I have never been that crazy about routine. As a younger person I had a reputation for being a bit erratic, despite being a nurse and then a lecturer (jobs in which I was never late but always nearly late!) When Anthony went into the nursing home (nearly two and a half years ago), there was a lot of grief, confusion and uncertainty, but no routine.

Now we have a routine and my heart has stopped racing around anxiously. It is so simple and easy and I wonder why I didn’t do this before but I guess the new routine coincides with a noticeable deterioration in Anthony’s mobility and mind function.

For a couple of weeks now, I have been going into the nursing home for most of the afternoon. In Anthony’s bedside cupboard I have lots of snack foods and drinks, cup-a-soups, brandy, wine, chocolates and sometimes I bring fresh cheese and olives.

If the heater isn’t turned on I reach up and press the button, after kissing my husband hello. Then I put a blanket from home on Anthony’s legs, adjust the chair, change the TV station to something I want to watch, move my chair right next to his and hold his hand.

Sometimes (lately) Anthony says, “How do you always know where to find me?” Sometimes he can’t get the words out – they stumble and crouch, frustrated, just above his lips. Sometimes he drools into what we call ‘the dribble rag’ because his swallowing reflexes have slowed down. Sometimes he tries to squeeze my hand in his and there is a small smile.

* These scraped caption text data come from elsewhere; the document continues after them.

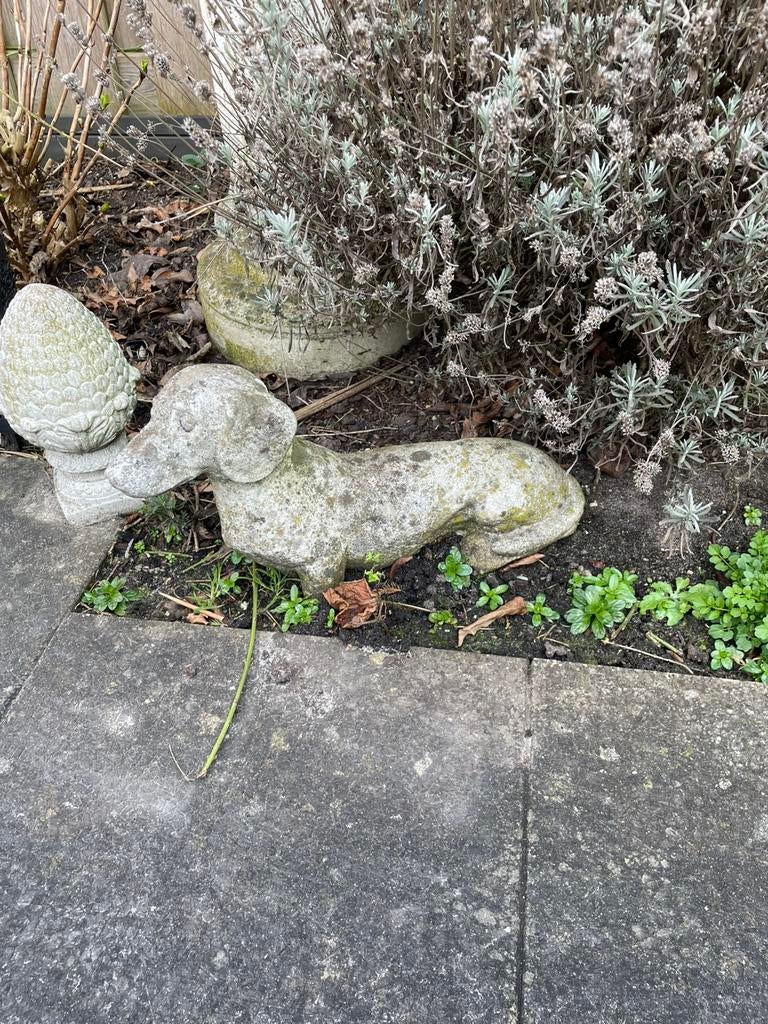 Leuke Betonnen teckel, tuinbeeld, Ophalen, Gebruikt, Dierenbeeld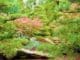 botanischer Garten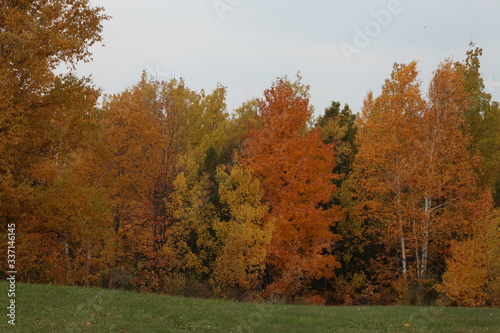 Fall Woods, yellow, green, forest, experiment, horticulture, shrubs, seasonally, wood, timbers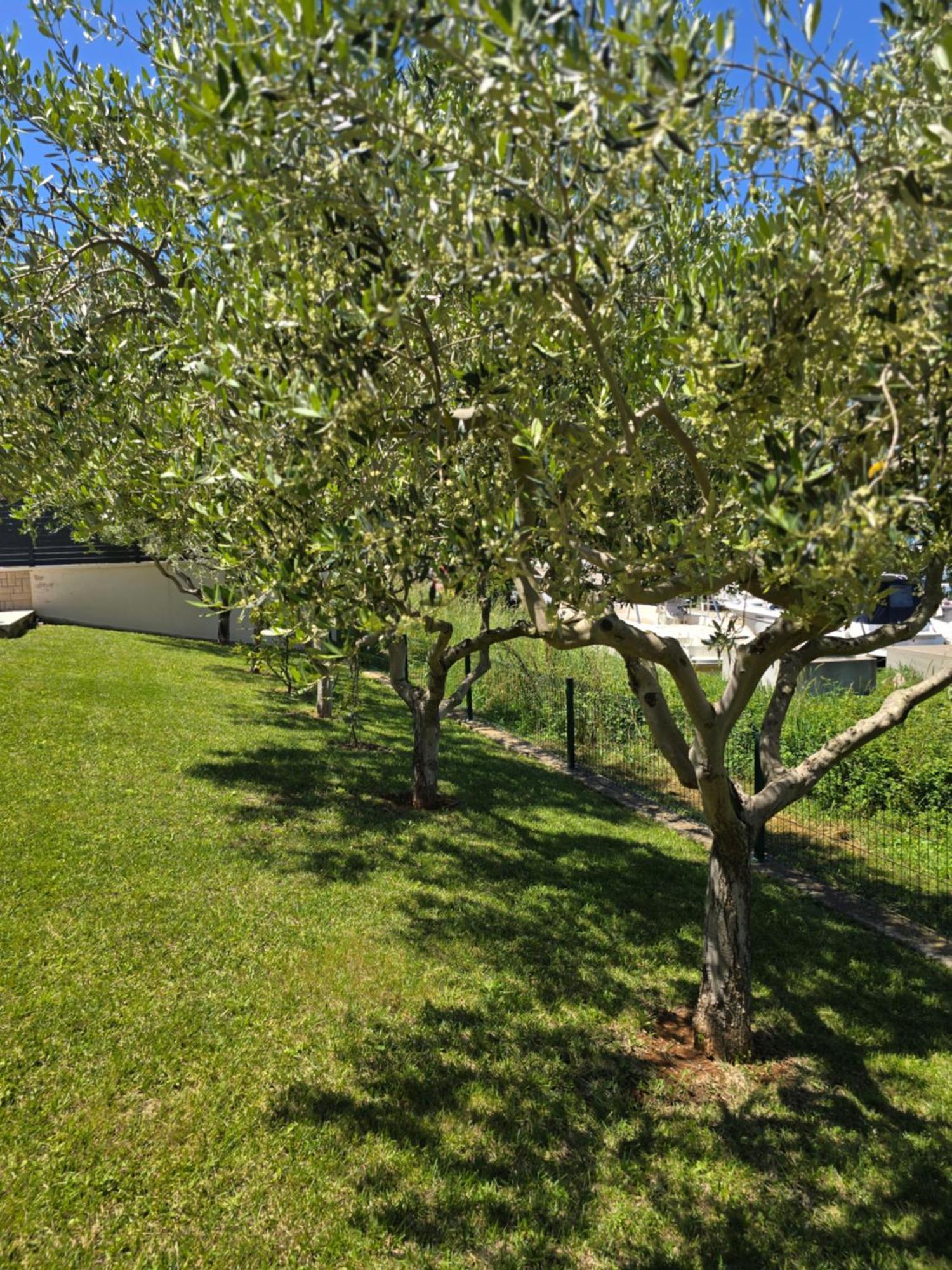 Olive Garden, Apartment With A Private Pool 班约勒 外观 照片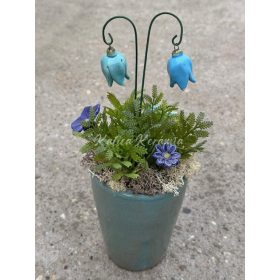 Kékes közepes kollekció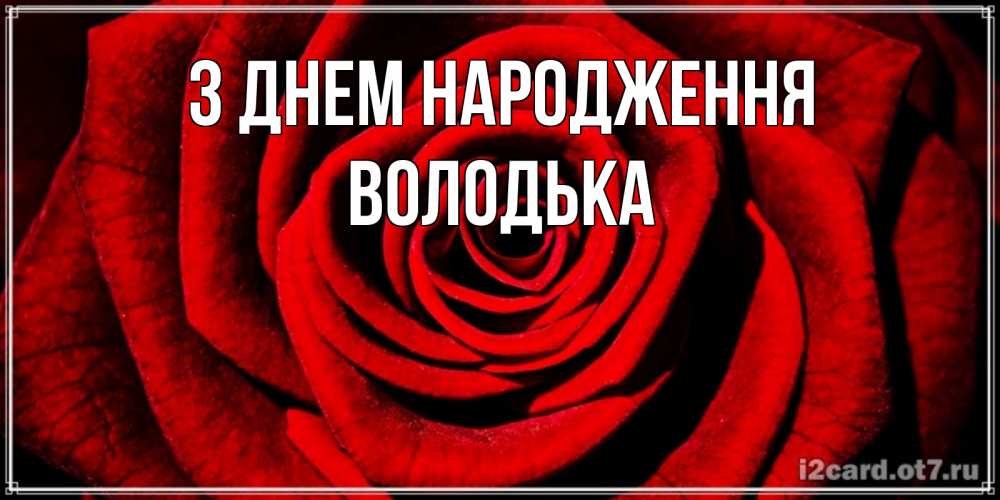 Открытка на каждый день з підписом, Володька З Днем народження алая роза Прикольна листівка з побажанням онлайн скачати безкоштовно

So I am now in the nursing home with Ants from 2-5pm most days and sometimes from noon. Does this make me a caring-wife hero-type? No! I don’t even understand what has happened to me to make me all-of-a-sudden so attentive! I love him, of course but I hated going into the nursing home for awhile/off and on. Now I actually can’t wait for 2pm every single day.

This routine has really helped me cope.

PS. This new routine means I don’t have much time atm to follow, comment on other blogs but you are all on my radar.